Lower down are entries containing pictures. Copy exactly, without those pictures, the lines from the line with "Photo of property" through the line with "エッセンスイン クレンジングフォーム/d プログラム/洗顔フォームを使ったクチコミ(4枚目)".

(The records Opens)

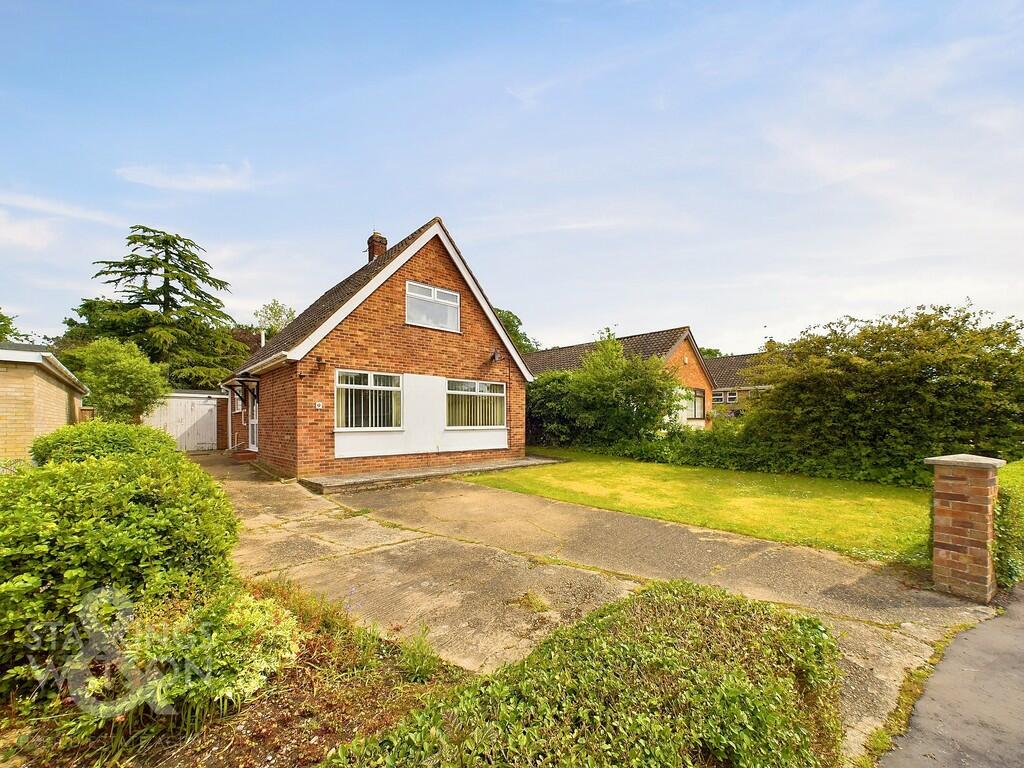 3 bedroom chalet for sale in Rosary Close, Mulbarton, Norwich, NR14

(The records Closes)
(The records Opens)

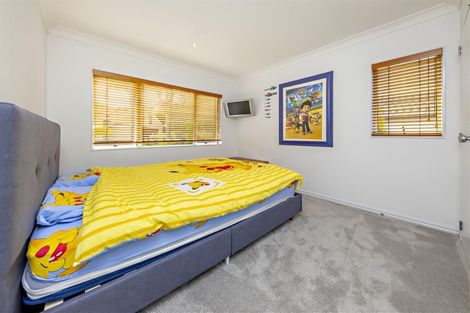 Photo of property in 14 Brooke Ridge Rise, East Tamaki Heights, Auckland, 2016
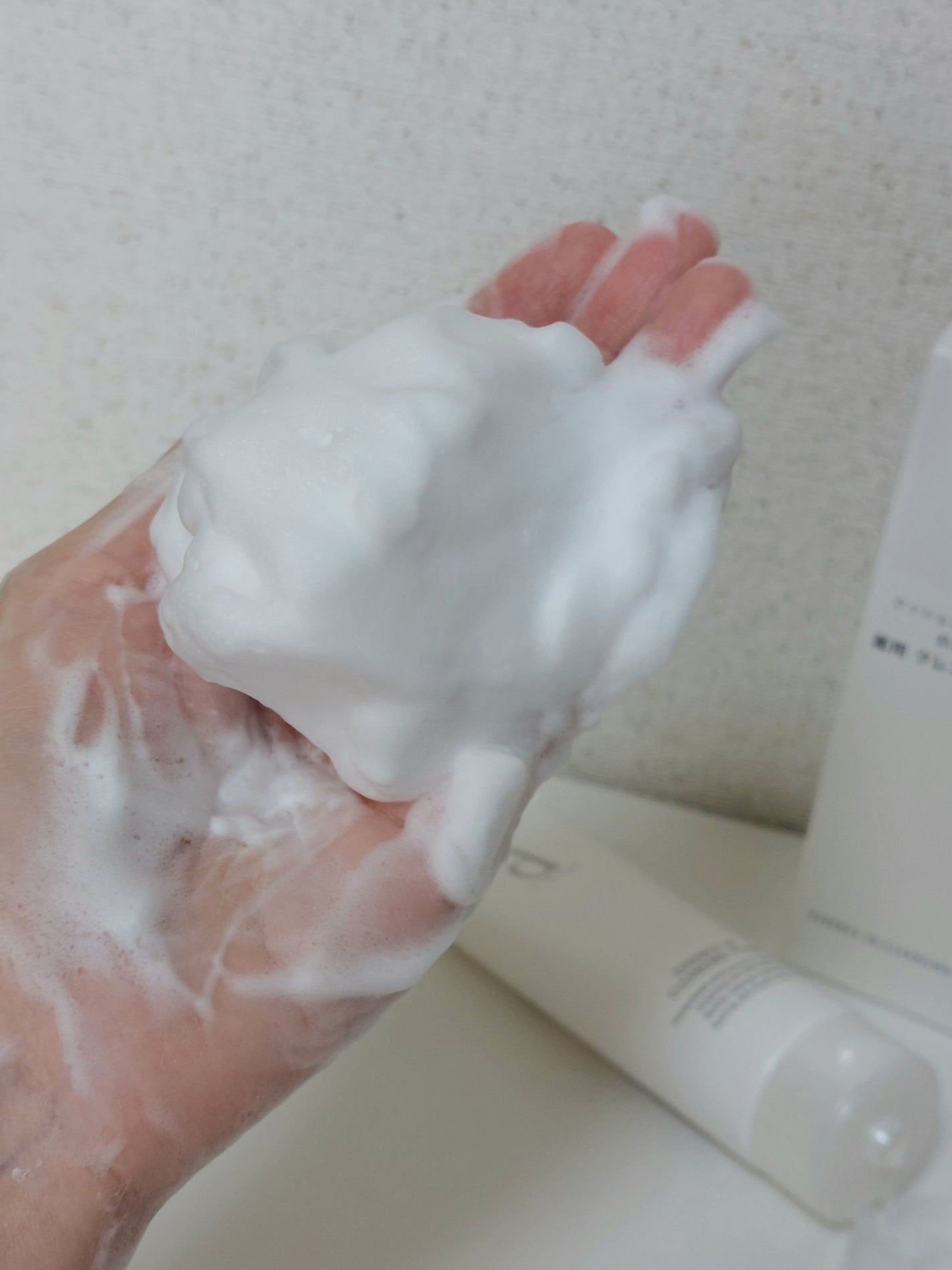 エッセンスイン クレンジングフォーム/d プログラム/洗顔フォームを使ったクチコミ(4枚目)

(The records Closes)
(The records Opens)

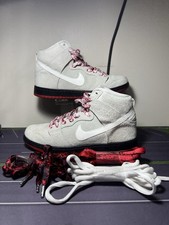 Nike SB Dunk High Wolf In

(The records Closes)

(Solution)
 Photo of property in 14 Brooke Ridge Rise, East Tamaki Heights, Auckland, 2016
 エッセンスイン クレンジングフォーム/d プログラム/洗顔フォームを使ったクチコミ(4枚目)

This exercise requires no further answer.